TOP 3 Reasons why I am going Vegetarian:
- Saving the Planet: Regardless of if you believe in Global Warming consider this: "A human population expected to grow by 3 billion, a shift in developing countries to eating more meat, and global consumption on track to double in 40 years point to the mother of all food crises down the road. How much food we grow is not just limited by the amount of available land but meat-eaters need far more space than vegetarians. A Bangladeshi family living off rice, beans, vegetables and fruit may live on an acre of land or less, while the average American, who consumes around 270 pounds of meat a year, needs 20 times that." also we must consider "Farming, which uses 70% of water available to humans, is already in direct competition for water with cities. But as demand for meat increases, so there will be less available for both crops and drinking. Rich but water-stressed countries such as Saudi Arabia, Libya, the Gulf states and South Africa say it makes sense to grow food in poorer countries to conserve their water resources, and are now buying or leasing millions of hectares of Ethiopia and elsewhere to provide their food. Every cow fattened in Gambella state in southern Ethiopia and exported to Abu Dhabi or Britain is taking the pressure off water supplies back home but increasing it elsewhere."
- World Hunger: "60% of the world's usable farmland is being stripped and destroyed by live stock. An acre of prime land can produce 40,000 pounds of potatoes, 30,000 pounds of carrots, 50,000 pounds of tomatoes; but only 250 pounds of beef. It takes 23 gallons of water to produce a pound of lettuce, 33 gallons for carrots, 4 gallons for apples. To produce of pound of Chicken it takes 815 gallons, for pork 1,630 gallons, and for a pound beef 2,500 gallons."

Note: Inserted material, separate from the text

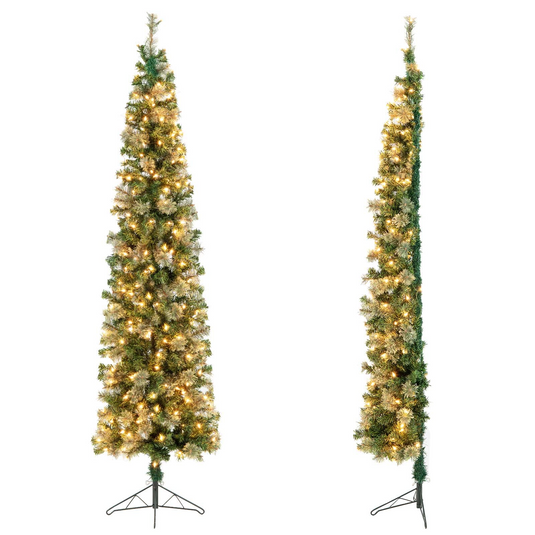 Goplus 7ft Pre-Lit Half-Shape Christmas Tree, Artificial Xmas Tree W/ 403 Branch Tips - GoplusUS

- According to Dr. Frank Hu, co-author of a new Harvard study on the topic, what is new “is the magnitude of risk associated with very moderate red meat consumption.” Predictably, the magnitude is greater. And the magnitude for processed meat is even greater than that.The Harvard study concluded that one serving of red meat a day increases the risk of early death by 13 percent. The same single daily serving of processed meat (like bacon or hot dog) increases that risk by 20 percent. And “one serving” means that little deck-of-cards sized lump that doesn’t satisfy anyone over the age of 10."
I can not tell you the reason why my husband came to me the other day and proclaimed that he wanted to be vegetarian. I can tell you I have been giddy and thrilled ever since he said it. I'm making up menus and researching recipes. Plus breaking out my old recipes and cook books that have long since been collecting dust in these recent years.